P1: Climb up the somewhat vegetated and loose rib/ridge past six or more bolts to an anchor by a dead tree (appx 45 meters; 4c/5.5 quite exciting). This pitch is old school limestone climbing and will make you appreciate modern sport climbing!

P2: Continue up the corner above the anchor to a ledge with a tree. Climb the steeper, left-facing corner above past roughly six bolts. To keep the grade reasonable, you'll need to do some tricky face climbing on the left. Belay above at an anchor (appx 30 meters; 5b/5.8 spooky).

P3: Go up and right along a ridge to the top and large, red rappel anchors (appx 15 meters; 5.4).

Descent: Rappel 30m down from the red rappel anchors to a platform built on the face. From the far side of the platform, follow the via feratta down to the base of the cliff (good fun).

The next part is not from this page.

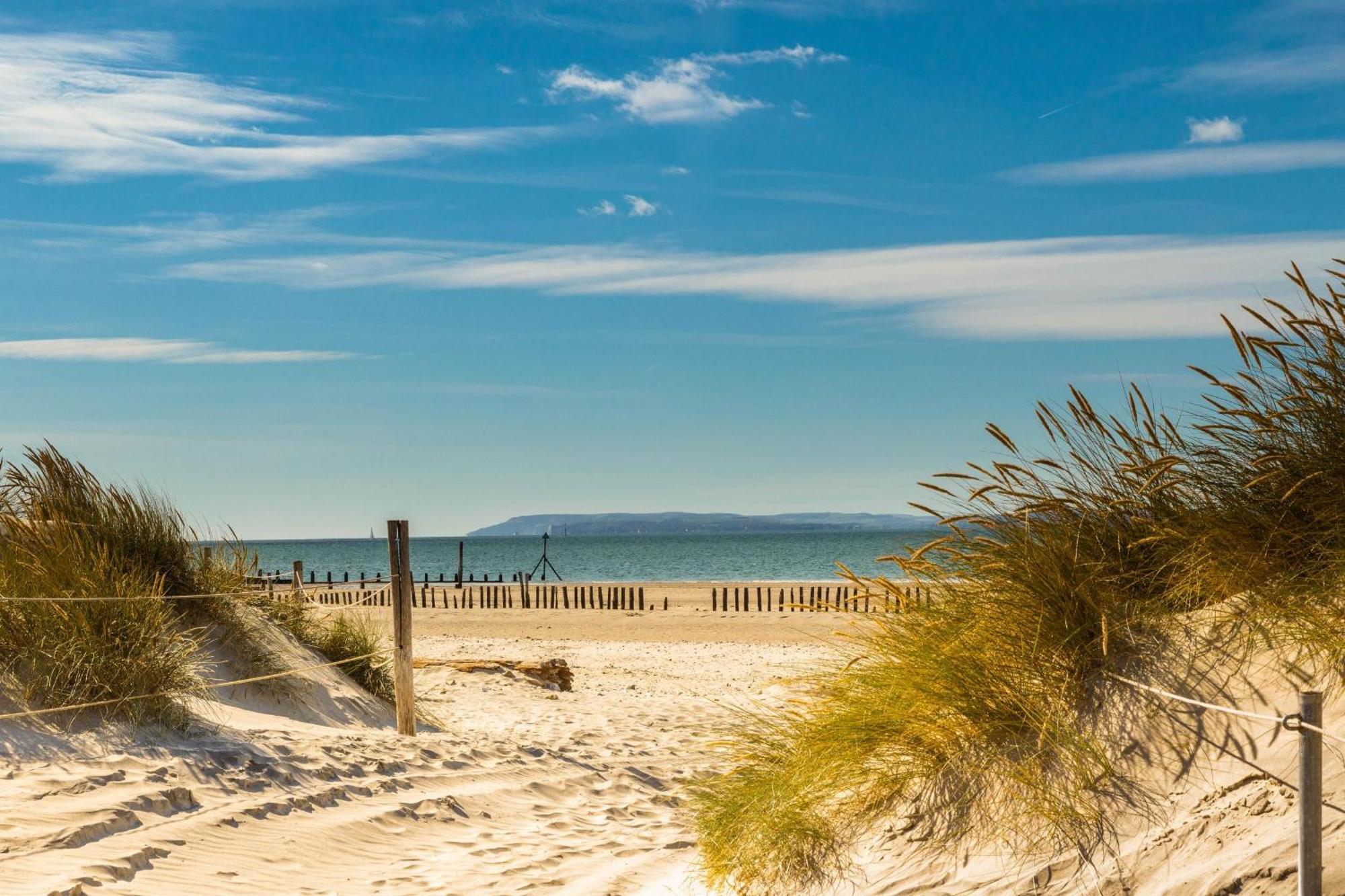 Beach House For 10 With Hot Tub & Garden West Wittering Exterior foto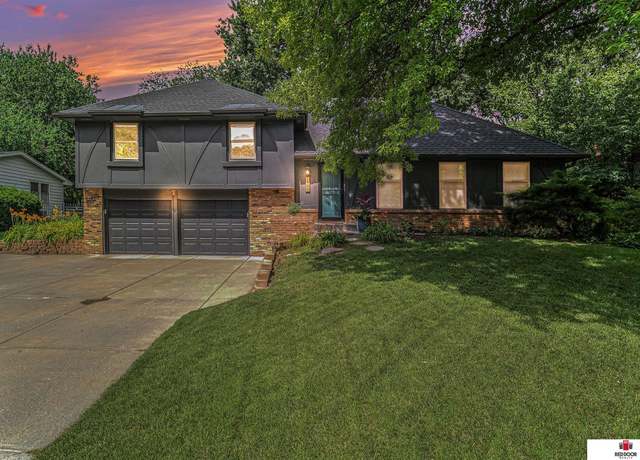 Property at 5905 S 25th St, Lincoln, NE 68512, 5 beds, 2.5 baths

Drive from downtown Vipava up to Kamp Tura and park just outside the campground. Follow sign posts up to the Steber sector and once there, find the start of the route at the base of a vegetated rib. There is a small, triangular route name plaque at the start of the route.


Bring eight or so QDs and some shoulder length slings. You'll use the longer slings as you downclimb the via feratta (obviously lanyards made for via feratta travel are the best - bring them if you have them).